_Your goal_: Repeat the first line of the listing and each line after it, exactly, through the line containing "Kimono Moderno para".

_Listed entries_:
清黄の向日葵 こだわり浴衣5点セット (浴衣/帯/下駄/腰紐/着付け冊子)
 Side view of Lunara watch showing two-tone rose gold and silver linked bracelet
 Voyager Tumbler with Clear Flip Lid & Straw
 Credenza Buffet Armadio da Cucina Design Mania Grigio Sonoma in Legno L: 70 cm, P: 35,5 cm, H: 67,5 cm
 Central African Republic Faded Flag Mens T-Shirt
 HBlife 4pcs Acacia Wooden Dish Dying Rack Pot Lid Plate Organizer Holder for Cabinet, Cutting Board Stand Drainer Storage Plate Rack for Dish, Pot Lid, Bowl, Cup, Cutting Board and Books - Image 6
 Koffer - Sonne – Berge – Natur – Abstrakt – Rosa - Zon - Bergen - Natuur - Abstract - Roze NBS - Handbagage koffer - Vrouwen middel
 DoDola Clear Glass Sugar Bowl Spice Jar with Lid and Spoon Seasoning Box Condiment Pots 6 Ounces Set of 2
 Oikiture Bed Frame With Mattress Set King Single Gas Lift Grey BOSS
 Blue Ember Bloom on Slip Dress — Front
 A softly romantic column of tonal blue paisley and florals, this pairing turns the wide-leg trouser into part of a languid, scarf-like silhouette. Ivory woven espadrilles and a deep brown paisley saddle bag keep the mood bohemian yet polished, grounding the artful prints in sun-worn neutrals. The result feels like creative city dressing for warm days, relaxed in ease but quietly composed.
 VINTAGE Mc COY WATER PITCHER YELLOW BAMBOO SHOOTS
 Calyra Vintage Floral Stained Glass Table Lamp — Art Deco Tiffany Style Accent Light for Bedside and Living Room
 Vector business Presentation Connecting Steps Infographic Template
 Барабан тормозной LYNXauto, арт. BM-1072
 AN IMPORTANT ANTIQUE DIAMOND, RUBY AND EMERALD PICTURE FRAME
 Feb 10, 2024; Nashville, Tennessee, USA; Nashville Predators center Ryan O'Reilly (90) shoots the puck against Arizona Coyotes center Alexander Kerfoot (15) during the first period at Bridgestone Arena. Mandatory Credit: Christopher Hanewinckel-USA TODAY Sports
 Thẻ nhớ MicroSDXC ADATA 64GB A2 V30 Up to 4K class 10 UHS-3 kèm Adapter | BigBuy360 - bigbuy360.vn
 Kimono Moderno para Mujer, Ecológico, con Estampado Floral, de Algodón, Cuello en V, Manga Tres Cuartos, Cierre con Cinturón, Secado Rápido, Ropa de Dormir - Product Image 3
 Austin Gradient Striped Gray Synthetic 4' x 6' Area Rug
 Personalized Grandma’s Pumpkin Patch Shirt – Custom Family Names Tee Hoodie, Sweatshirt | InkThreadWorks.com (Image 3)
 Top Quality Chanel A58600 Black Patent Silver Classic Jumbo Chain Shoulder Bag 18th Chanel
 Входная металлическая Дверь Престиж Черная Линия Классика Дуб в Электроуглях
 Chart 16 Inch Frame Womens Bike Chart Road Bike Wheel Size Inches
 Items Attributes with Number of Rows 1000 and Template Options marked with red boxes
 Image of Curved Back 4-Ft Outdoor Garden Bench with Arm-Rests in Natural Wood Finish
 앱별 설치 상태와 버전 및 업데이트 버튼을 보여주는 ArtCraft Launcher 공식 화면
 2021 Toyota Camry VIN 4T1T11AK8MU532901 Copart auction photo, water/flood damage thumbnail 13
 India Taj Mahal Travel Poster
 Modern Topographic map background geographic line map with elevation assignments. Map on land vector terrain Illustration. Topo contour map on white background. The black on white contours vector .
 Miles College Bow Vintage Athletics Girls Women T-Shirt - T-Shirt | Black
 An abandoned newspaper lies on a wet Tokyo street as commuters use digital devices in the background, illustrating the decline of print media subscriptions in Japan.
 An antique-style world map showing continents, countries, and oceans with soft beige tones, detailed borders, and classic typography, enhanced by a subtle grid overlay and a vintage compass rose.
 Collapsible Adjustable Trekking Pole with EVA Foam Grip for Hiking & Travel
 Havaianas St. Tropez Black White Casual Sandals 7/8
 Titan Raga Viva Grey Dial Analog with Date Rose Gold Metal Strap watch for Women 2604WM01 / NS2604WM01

_Result of this task_:
清黄の向日葵 こだわり浴衣5点セット (浴衣/帯/下駄/腰紐/着付け冊子)
 Side view of Lunara watch showing two-tone rose gold and silver linked bracelet
 Voyager Tumbler with Clear Flip Lid & Straw
 Credenza Buffet Armadio da Cucina Design Mania Grigio Sonoma in Legno L: 70 cm, P: 35,5 cm, H: 67,5 cm
 Central African Republic Faded Flag Mens T-Shirt
 HBlife 4pcs Acacia Wooden Dish Dying Rack Pot Lid Plate Organizer Holder for Cabinet, Cutting Board Stand Drainer Storage Plate Rack for Dish, Pot Lid, Bowl, Cup, Cutting Board and Books - Image 6
 Koffer - Sonne – Berge – Natur – Abstrakt – Rosa - Zon - Bergen - Natuur - Abstract - Roze NBS - Handbagage koffer - Vrouwen middel
 DoDola Clear Glass Sugar Bowl Spice Jar with Lid and Spoon Seasoning Box Condiment Pots 6 Ounces Set of 2
 Oikiture Bed Frame With Mattress Set King Single Gas Lift Grey BOSS
 Blue Ember Bloom on Slip Dress — Front
 A softly romantic column of tonal blue paisley and florals, this pairing turns the wide-leg trouser into part of a languid, scarf-like silhouette. Ivory woven espadrilles and a deep brown paisley saddle bag keep the mood bohemian yet polished, grounding the artful prints in sun-worn neutrals. The result feels like creative city dressing for warm days, relaxed in ease but quietly composed.
 VINTAGE Mc COY WATER PITCHER YELLOW BAMBOO SHOOTS
 Calyra Vintage Floral Stained Glass Table Lamp — Art Deco Tiffany Style Accent Light for Bedside and Living Room
 Vector business Presentation Connecting Steps Infographic Template
 Барабан тормозной LYNXauto, арт. BM-1072
 AN IMPORTANT ANTIQUE DIAMOND, RUBY AND EMERALD PICTURE FRAME
 Feb 10, 2024; Nashville, Tennessee, USA; Nashville Predators center Ryan O'Reilly (90) shoots the puck against Arizona Coyotes center Alexander Kerfoot (15) during the first period at Bridgestone Arena. Mandatory Credit: Christopher Hanewinckel-USA TODAY Sports
 Thẻ nhớ MicroSDXC ADATA 64GB A2 V30 Up to 4K class 10 UHS-3 kèm Adapter | BigBuy360 - bigbuy360.vn
 Kimono Moderno para Mujer, Ecológico, con Estampado Floral, de Algodón, Cuello en V, Manga Tres Cuartos, Cierre con Cinturón, Secado Rápido, Ropa de Dormir - Product Image 3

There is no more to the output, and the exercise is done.